I remember when I went on my first big job interview straight out of college. It was with one of the big consulting firms and I was so nervous I sweat profusely throughout the entire interview. I wanted it so bad that my anxieties got the best of me.
Now I am older and wiser. I’ve seen my share of interviews and I am at a point in my career where I am the one who does the interviewing.
I’ve read a lot of articles giving interview advice, but I think there are a few suggestions I can give that can help you get a leg up during that next interview:
Focus on work experience.
I go through a buttload of resumes when I am looking for an applicant. With my regular job duties, this is roughly equivalent to about 2 seconds per resume.
The first thing I look at is work experience and key words that match what I am looking for. I start with job titles and companies. If you make it past that first scan, I start looking at job responsibilities.
Here’s what I don’t give a shit about:
- Cover letters
- Your job objective
- Whether or not you know how to use Microsoft Office
- Your hobbies
- Your education
The last bullet point is probably a surprise. Education for me is just icing on the work experience cake. You can have a masters from Yale, but without work experience, it is virtually useless.

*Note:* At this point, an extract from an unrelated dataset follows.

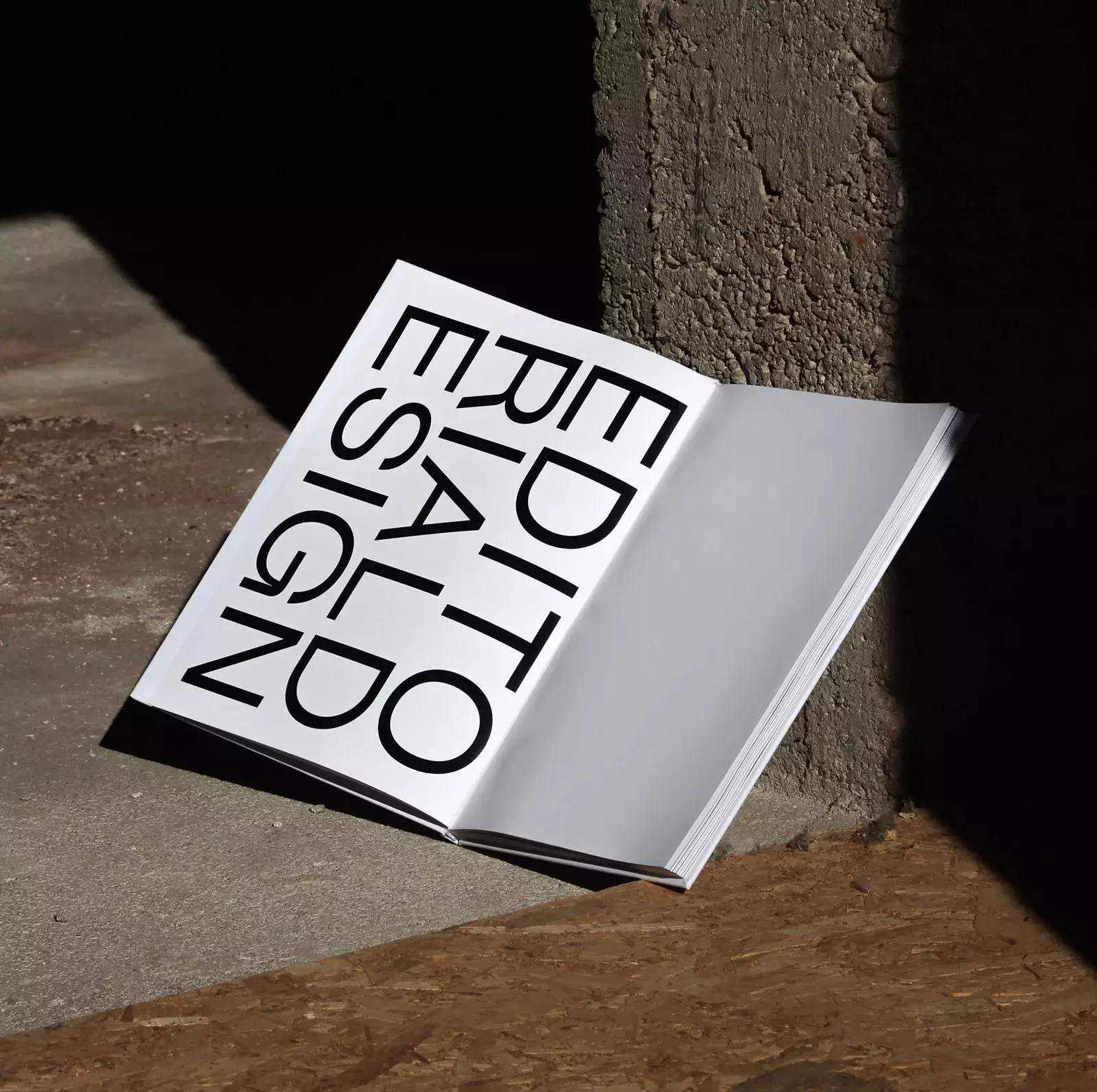 Editorial Design Inspiration - Printed Portfolio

Know someone on the inside.
There is an 80% chance someone will get interviewed if they were recommended by someone that is already working within the company. Why? Because if that person is a superstar and values their job, they wouldn’t recommend someone that would make them look bad.
Dressing well doesn’t necessarily mean wear a tie. It means dress nice and something that is appropriate to the industry you are applying for.
If you are applying for a job at a graphic design studio, you’ll probably get away with a nice button up shirt and slacks. Applying for a bank – definitely wear a nice suit. Just don’t dress better than the boss. You’ve got plenty of time for that.
Be likeable and confident.
Confidence and likeability is one of the greatest weapons you can have during a job interview. If you’ve made it past the first few stages of the process, vibing with the person you are interviewing with will make sure you hit a home run.
Just make sure your confidence isn’t arrogance.
And the last pieces of advice?
Never ask about vacation days and break times. Asking those questions will change the interviewers mood and will kill your interview in a heartbeat. Save those questions for when you get the job.
Take the time to make your resume look nice and spellcheck your document. It shows you are a thinker and you have an attention to detail.